Q: I work in a small company in an office type of environment. Some of our company employees take a whole hour for lunch and have time to go out for lunch and walk to a local lunch place. In our department, we can only take 30 or 40 minutes because we are always short on help. This doesn’t seem fair to me. Is this legal?
A: In Massachusetts, most employees, who are scheduled to work six hours or more in a single work shift, are required to be given a 30-minute meal break. The break does not have to be paid. In fact, most employers do not pay for this break. There are some employers who do not have to follow this law. These exceptions include employers in the iron, glass, print, bleach, dye, paper and letterpress industries. Employees should be relieved of all work-related responsibilities during this break, including answering the phones or waiting for a delivery. When on a meal break, an employee should also be able to leave their work location. Employees can decide to work through their lunch and “waive” this right but that choice should be a voluntary choice, made by the employee, not the employer. If the employee works through their meal break the employee should be paid for the time worked.
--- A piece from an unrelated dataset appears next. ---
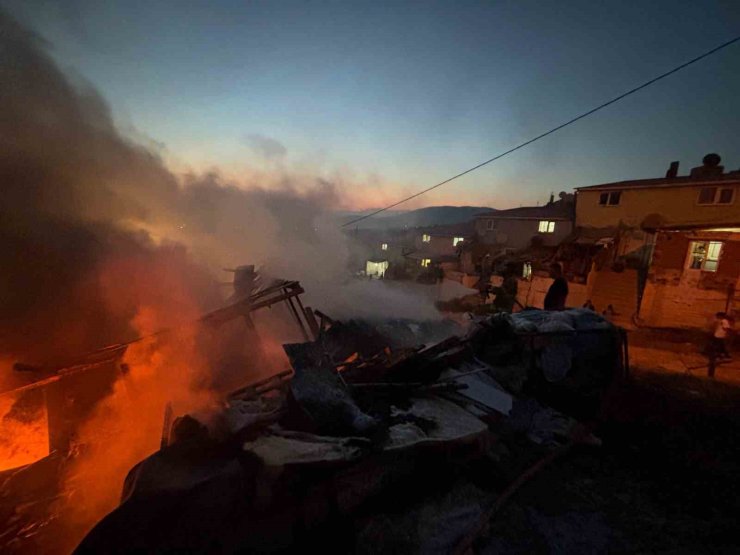 Erdek’te baraka yangını söndürüldü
Many employees think a whole hour is required but that is not the case. Thirty minutes is required but anything beyond that is not required in most work environments. Managers often require specific work schedules and may require varying meal break times so work does not come to a standstill. Also, meal breaks may vary between departments or functional areas. For example, if a teller works in a downtown branch of a bank, a manager may request that the teller take a 30-minute meal break at 11am or 1pm, rather than at noon. Others in the bank may take a 45-minute meal break at noon.
From what you have shared, it sounds like your employer is operating in a legally compliant manner. Variations in work schedules are permitted.